G. BUSH: I don't know about -- I can set a different tone. I can set a tone of -- I don't think necessarily setting a moral tone. That's what you live. That's a life you live. I will live a moral life.

I will set a tone that is different from Washington, that says we can unite rather than divide, that this kind of finger-pointing and tearing down -- you know exactly what I'm talking about. I mean, it's just a bitter atmosphere.

And I gave a speech to the Republican National Committee fund- raiser, and I said both folks are to blame. I mean, there's blame to go around. But that doesn't mean we shouldn't be, you know, kind of mired in this type of environment forever. It's time for a new president. And this is going to be one of the key parts of this election.

KING: You're about to go to Philadelphia. You're about to be nominated. What's it like? I mean, you've grown up in politics.
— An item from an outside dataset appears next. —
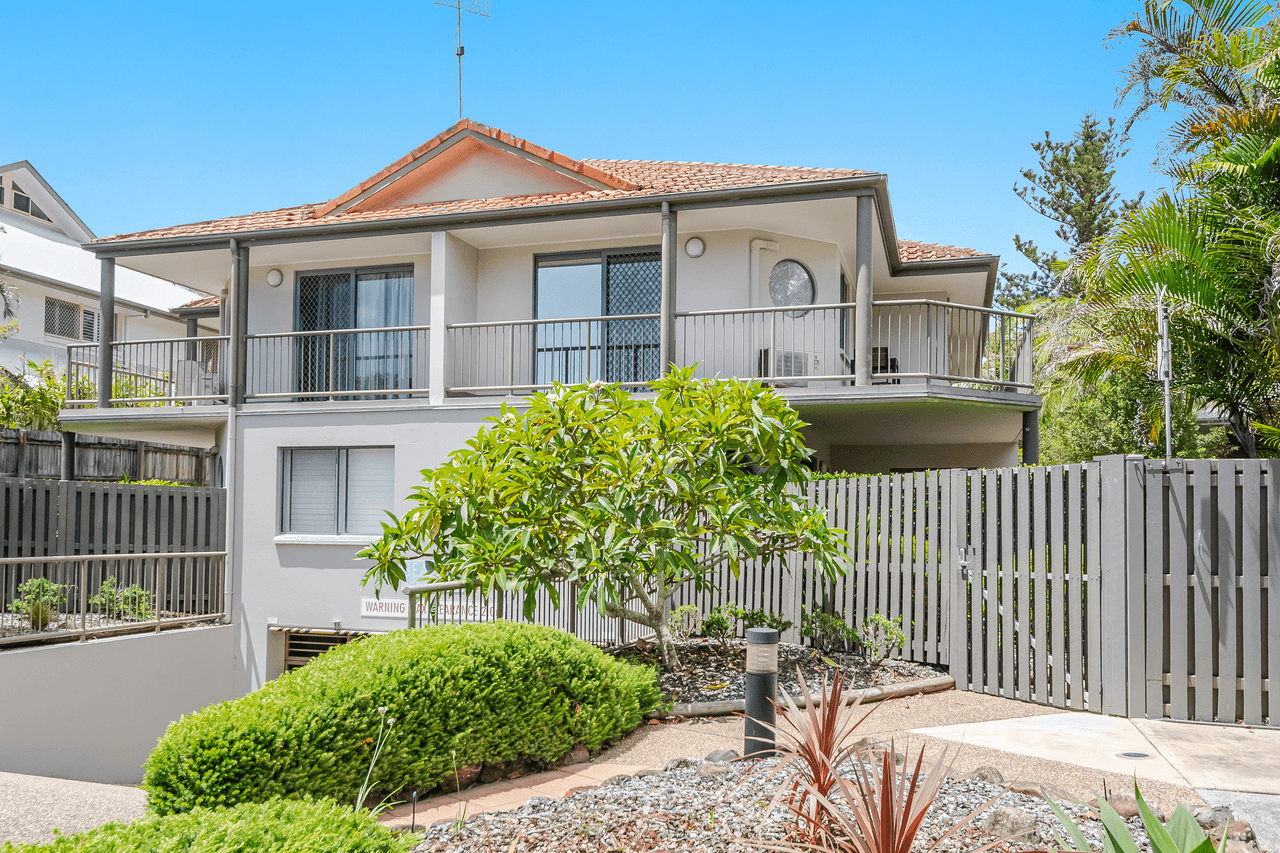 15/45 Shirley Street, BYRON BAY, NSW 2481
Your father was a congressman, ambassador, U.N., CIA. What's it like now for George's boy...

G. BUSH: It's a huge honor. I'm sure you can imagine it is a big honor. And I'm going to seize this moment.

KING: Are there moments by yourself, do you say, whew?

G. BUSH: You bet. There are some moments when I say, whooo, and there are some moments I say, what happened? Like in New Hampshire.

But this is a -- if I could be really honest with you about the run for the presidency, you grow to the job. It's a long process that tests one's inner soul and tests the will, tests the vision, tests the vision.

And I believe I'm going to win, because I've got a clear vision for a better tomorrow. KING: You expect it to be a long night, honestly?

G. BUSH: Yes, I do.

KING: You too?

L. BUSH: Sure.

G. BUSH: A couple of things I'm certain of. One, I'm running against a very tough campaigner, and two, it's going to be a tough election. I'm running against incumbents. I'm the outsider challenging the incumbency. And I think I'm going to win, I do. I can feel it out there amongst the people, because they want something different. They're looking for somebody who can unite our nation and set a different tone in Washington.

KING: Like our old Congressman Claude Pepper, you always run like you're behind. That's what he used to say.

G. BUSH: Yes. Or another way to put it, the good news, I'm leading in some of the polls. The bad news, the election is not tomorrow.


KING: We'll be right back with the Bushes. Don't go away.



KING: With a little more than a month to go to election day 2000, and the poll numbers going up and down like elevators, I interview George and Laura Bush again; this time in Los Angeles.


KING: You are 19 points ahead. And when you were, you told that was unrealistic.

G. BUSH: Yes.

KING: You are 19 points ahead. A week later, you are 10 points behind.

G. BUSH: I know it.

KING: But then -- that happens because Gore -- Al kisses Tipper. You, a week later, kiss Oprah and dress like Regis and you are up by two points.

G. BUSH: Imagine if I had worn suspenders.

KING: Does this mean we -- no one went broke underestimating the intelligence of the American public? Are polls just -- what do you make of it all? G. BUSH: I think this means it's going to be a really close race, is what it means. It's going to be one of the really interesting presidential races that we have had in a long time. And I'm excited about my chances. The fact that I'm this close to a sitting vice president, with the economy pretty good and the world at peace, indicates I have got a very good chance of winning.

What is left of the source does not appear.